* _EXERCISE OBJECTIVE_:
This exercise calls for all the entries that follow to be set down exactly, without their images.

=== PROVIDED RECORDS ===

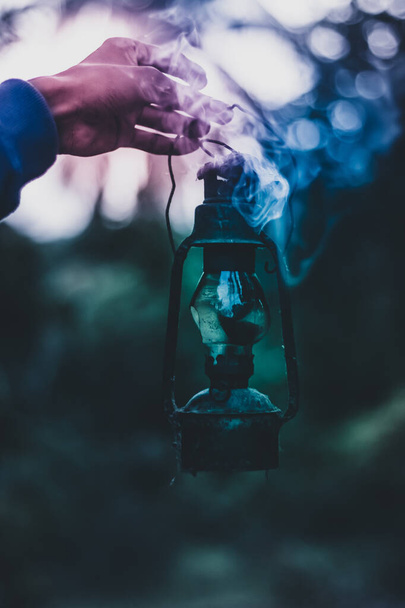 Un coup vertical de la main d'un homme tenant une vieille lampe avec la fumée qui en sort - Photo, image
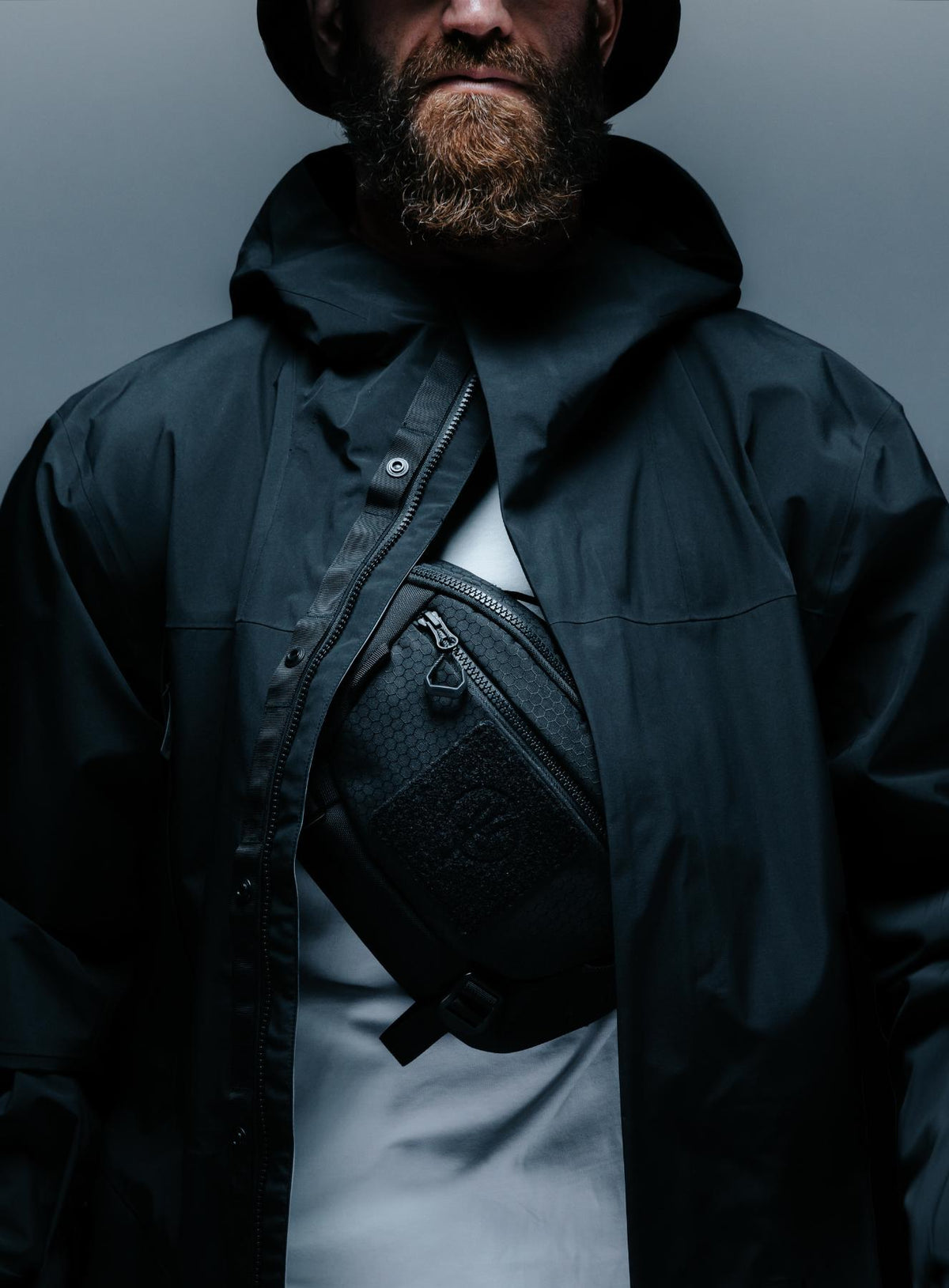 A creative studio shot of Spectral 5L Waist Pack in Obsidian Black (CS)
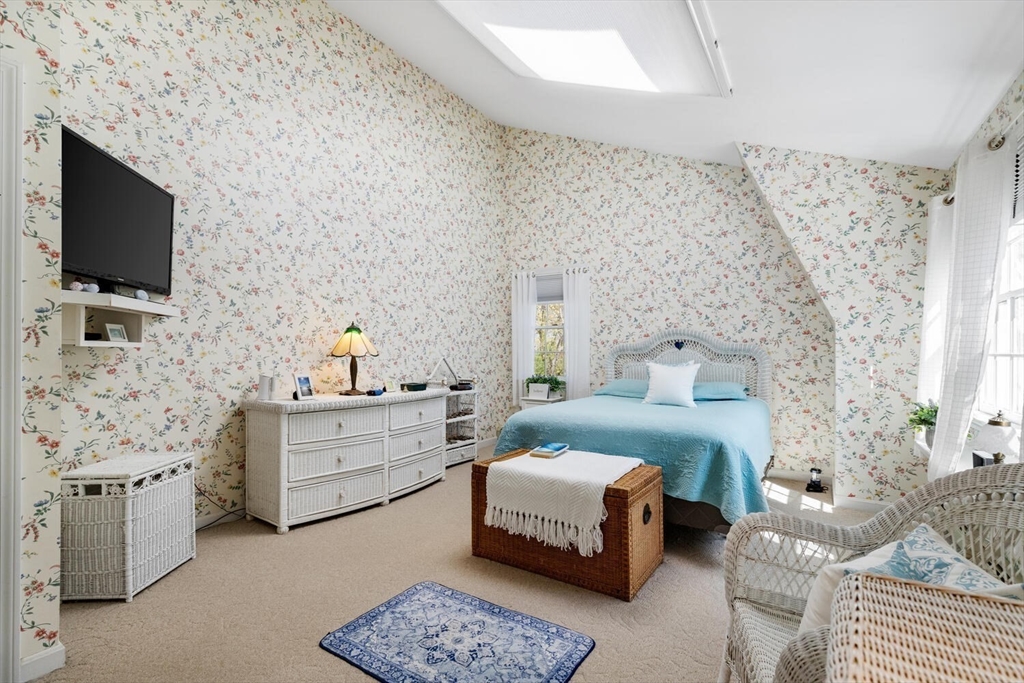 8 Oxford Road Gloucester, MA 01930 - Photo 24 of 35 a bedroom with a bed and a flat screen tv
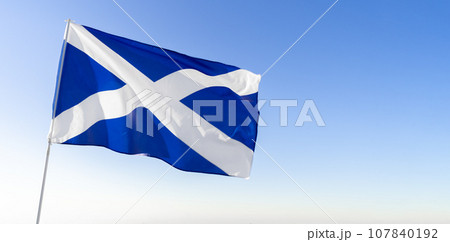 Flag of Scotland waving against blue sky 107840192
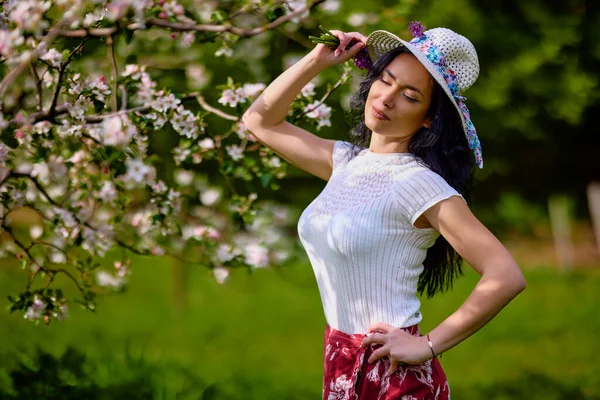 在盛开的苹果园里一个美丽的黑发女人的画像 — 图库照片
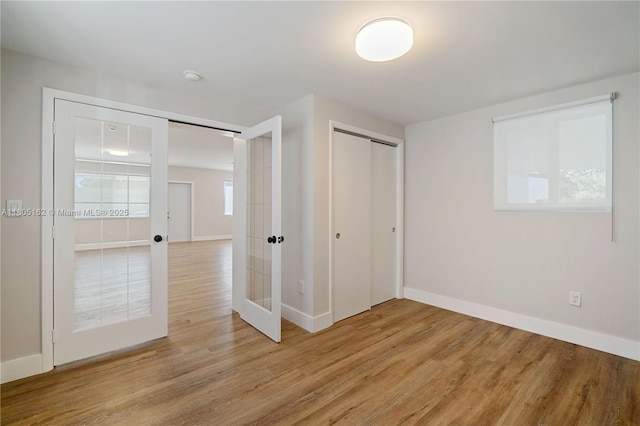 unfurnished bedroom featuring french doors, baseboards, light wood-type flooring, and a closet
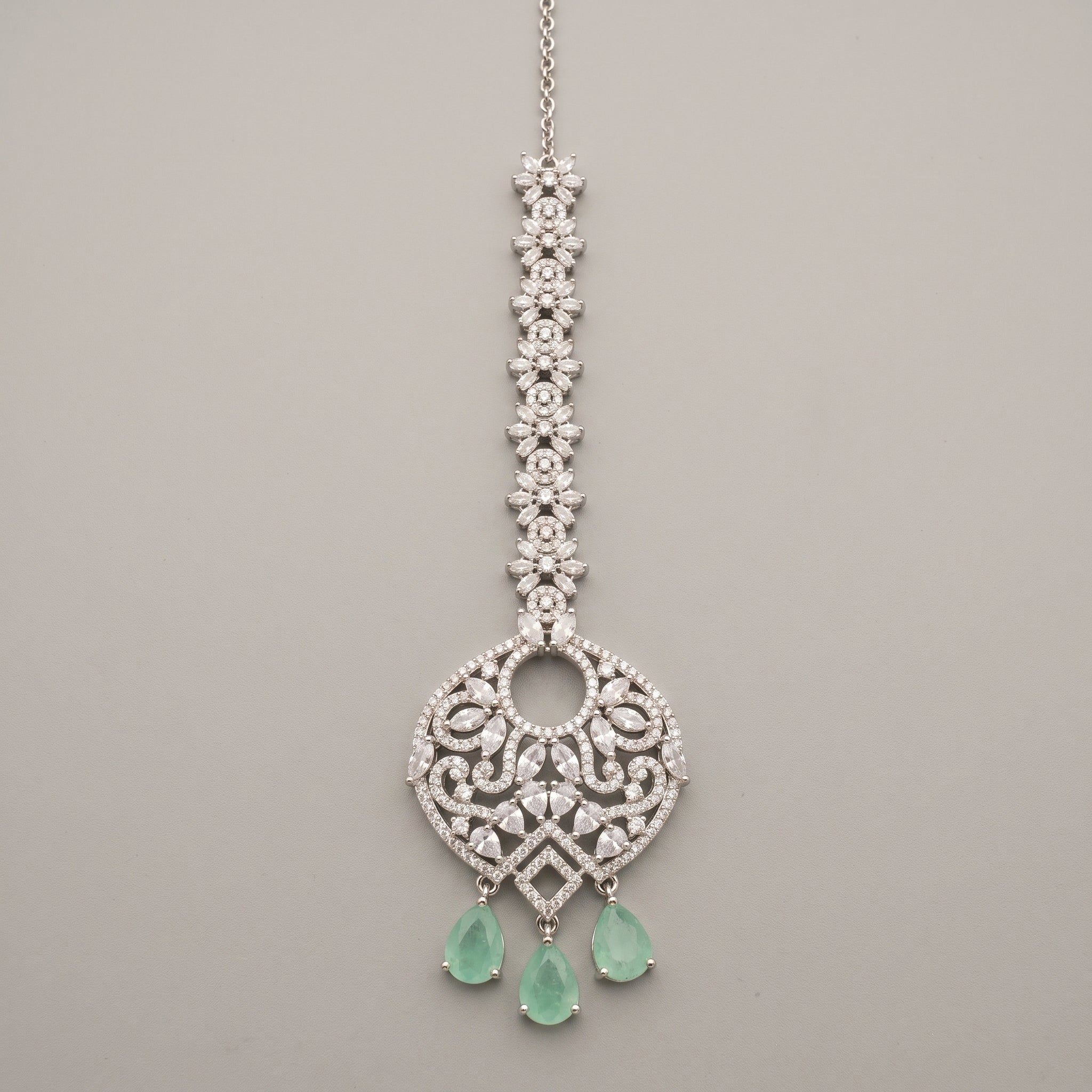 Panna Crystal Tikka silver-tone maang tikka with green teardrop drops on gray background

===

* _ANSWER BOX_:
 Un coup vertical de la main d'un homme tenant une vieille lampe avec la fumée qui en sort - Photo, image
 A creative studio shot of Spectral 5L Waist Pack in Obsidian Black (CS)
 8 Oxford Road Gloucester, MA 01930 - Photo 24 of 35 a bedroom with a bed and a flat screen tv
 Flag of Scotland waving against blue sky 107840192
 在盛开的苹果园里一个美丽的黑发女人的画像 — 图库照片
 unfurnished bedroom featuring french doors, baseboards, light wood-type flooring, and a closet
 Panna Crystal Tikka silver-tone maang tikka with green teardrop drops on gray background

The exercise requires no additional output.